Tesla investor support for Musk pay plan declined from 2018 package

Tesla CEO Elon Musk speaks at the 2025 Annual Meeting of Shareholders on November 6, 2025.
Courtesy: Tesla
Tesla shareholders last week voted to give CEO Elon Musk a record pay package that could earn the company’s shares nearly $1 trillion over the next decade. However, Musk received less support than under his previous pay plan in 2018.
Leaving aside the shares owned by board members and managers, approximately 66% of the shares in the voting were in favor of the package. filing on Friday. That rate was 73% when shareholders voted for the 2018 plan, according to analysis by Andrew Droste, head of corporate governance at investment firm Columbia Threadneedle.
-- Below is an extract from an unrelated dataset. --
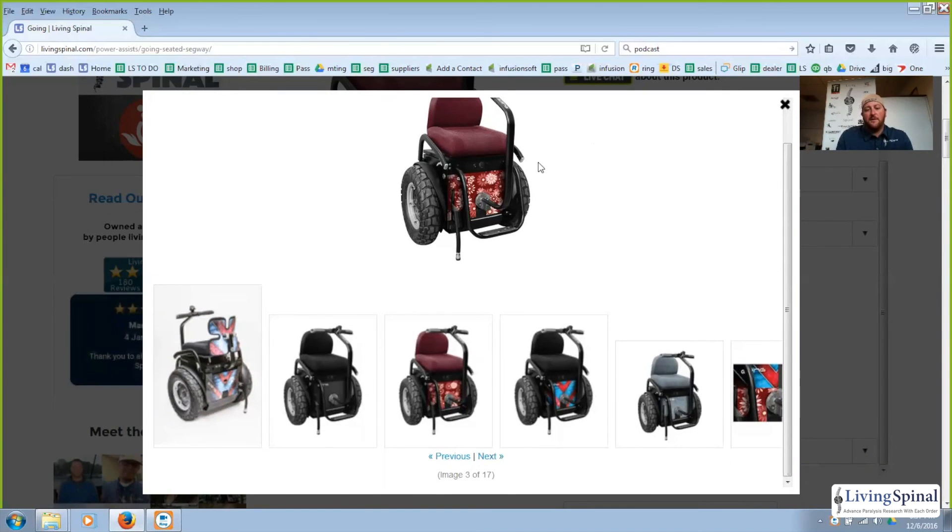The handlebars on each side have LED lights built in. The unit has a switch for headlights to keep you illuminated at night — very nice for avoiding curbs or obstacles when cruising in the dark. That's just about everything on the Going by HandyTech, only available at LivingSpinal.com. Thanks so much for being a part of this video, and have a great day.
Tesla, which announced preliminary results at the company’s annual shareholder meeting on Thursday, said the plan had 75% support among voting shares. The company count included insiders like Musk, who owns a roughly 15% stake in Tesla and was allowed to vote his shares as a proxy.
The drop from the previous vote comes after a tumultuous period for Musk and Tesla. Sales fell in the first half of the year, due in part to Musk’s inflammatory political rhetoric and his work for the Trump administration, which is shrinking the size of the federal government. Tesla’s brand value has also deteriorated.
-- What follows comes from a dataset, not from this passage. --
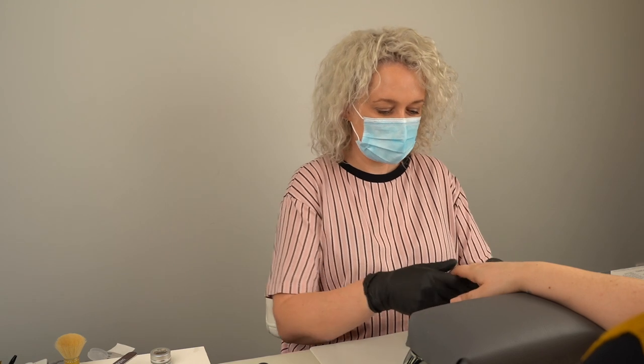Hi, I'm Simone Radley from England Nails, and in this video I'm going to be doing some wintry nails - winter ones, not really Christmassy. I have got one of my clients, Kirsty, with me to have her nails done.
Still, Droste said in an email, even at 66% of the vote, there is “broad support for Elon among Tesla’s shareholder base.” Most investors recognize that Tesla and Elon Musk are “inextricably linked” and “do not want to risk potential separation by allowing this vote to fail,” he wrote.
Board members recommended that shareholders approve the payment plan they introduced in September. Senior proxy advisors Glass Lewis and ISS had recommended investors vote against it.
Currently the richest person in the world, Musk’s salary package consists of 12 share slices that will be given if Tesla reaches a certain target. milestones in the next ten years. The first tranche of stock will be paid out if Tesla reaches a market cap of $2 trillion, which is about $500 billion more than the current valuation. Rewards tied to market value gains are matched with operational achievements.
Musk could still raise more than $50 billion by meeting the more achievable goals set for him by the board in the new compensation plan. There is also a list of “covered events” in the award terms that would allow him to earn his shares without meeting required operational milestones.
Tesla did not immediately respond to a request for comment.